The study evaluated the use of sacituzumab govitecan (SG) in patients with metastatic urothelial cancer (mUC) who had experienced disease progression after receiving platinum-based chemotherapy and a checkpoint inhibitor (CPI).
The safety analysis specifically focused on the UGT1A1 status of the patients.
The study included a total of 113 patients who were administered SG as a treatment for mUC. UGT1A1 is a gene responsible for the metabolism of irinotecan, a component of SG.
Variations in the UGT1A1 gene can affect how the body processes irinotecan, potentially leading to increased toxicity.
Therefore, it was crucial to assess the safety profile of SG based on the UGT1A1 status of the patients.
The safety analysis revealed that the incidence of adverse events (AEs) was generally consistent across different UGT1A1 status groups.
The most common AEs reported in the study were fatigue, diarrhea, nausea, decreased appetite, and neutropenia.

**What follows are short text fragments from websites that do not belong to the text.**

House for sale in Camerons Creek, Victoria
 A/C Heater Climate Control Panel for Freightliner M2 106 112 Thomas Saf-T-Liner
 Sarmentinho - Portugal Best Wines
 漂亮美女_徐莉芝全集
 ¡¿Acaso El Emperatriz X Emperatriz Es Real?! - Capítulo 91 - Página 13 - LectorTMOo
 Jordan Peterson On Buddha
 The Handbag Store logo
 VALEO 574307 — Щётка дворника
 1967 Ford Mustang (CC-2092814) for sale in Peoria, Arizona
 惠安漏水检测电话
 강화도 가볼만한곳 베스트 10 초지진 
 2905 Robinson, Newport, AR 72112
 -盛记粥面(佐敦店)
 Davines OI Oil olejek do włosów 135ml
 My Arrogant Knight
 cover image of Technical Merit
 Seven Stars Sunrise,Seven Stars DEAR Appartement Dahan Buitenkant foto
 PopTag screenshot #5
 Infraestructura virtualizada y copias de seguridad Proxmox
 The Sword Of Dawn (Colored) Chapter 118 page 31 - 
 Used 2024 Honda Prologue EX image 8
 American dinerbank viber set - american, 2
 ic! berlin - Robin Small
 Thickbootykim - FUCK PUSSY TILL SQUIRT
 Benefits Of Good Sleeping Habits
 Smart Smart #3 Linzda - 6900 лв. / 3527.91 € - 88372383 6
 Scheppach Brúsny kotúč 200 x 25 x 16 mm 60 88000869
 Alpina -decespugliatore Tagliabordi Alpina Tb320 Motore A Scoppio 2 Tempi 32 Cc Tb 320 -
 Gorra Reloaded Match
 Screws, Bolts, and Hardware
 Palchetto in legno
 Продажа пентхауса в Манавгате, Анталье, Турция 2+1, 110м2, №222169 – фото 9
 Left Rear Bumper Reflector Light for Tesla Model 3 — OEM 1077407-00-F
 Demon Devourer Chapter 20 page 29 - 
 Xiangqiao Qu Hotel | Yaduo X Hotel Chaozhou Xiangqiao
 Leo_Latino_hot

Importantly, there were no new or unexpected safety concerns identified in any of the UGT1A1 status groups.
The analysis also compared the incidence and severity of neutropenia, a known side effect of SG, among the UGT1A1 status groups.
Neutropenia refers to a decrease in neutrophil count, which can increase the risk of infection.
The results showed that the incidence and severity of neutropenia were similar across the different UGT1A1 status groups, suggesting that UGT1A1 status did not impact the occurrence or severity of this particular side effect.
Based on the safety analysis, it can be concluded that SG demonstrated an acceptable safety profile in patients with mUC who had progressed after receiving platinum-based chemotherapy and a CPI, regardless of their UGT1A1 status.
These findings are significant as they provide valuable insights into the safe administration of SG in this patient population.
Dr. Bupathi’s study contributes to the growing body of evidence on the use of SG in the treatment of mUC.
Sacituzumab govitecan has shown promising efficacy in this patient population, with previous studies demonstrating a favorable overall response rate and progression-free survival.
The safety analysis by UGT1A1 status adds an additional layer of understanding regarding the tolerability of SG, further supporting its potential as a treatment option for patients with mUC.
In conclusion, Dr. Manojkumar Bupathi’s safety analysis of the TROPHY-U-01 cohort 1 study demonstrates that sacituzumab govitecan has an acceptable safety profile in patients with metastatic urothelial cancer who have progressed after platinum-based chemotherapy and a checkpoint inhibitor.
The UGT1A1 status did not significantly impact the occurrence or severity of adverse events, including neutropenia.
These findings contribute to the ongoing research on the use of SG in this patient population and provide valuable insights for clinical practice.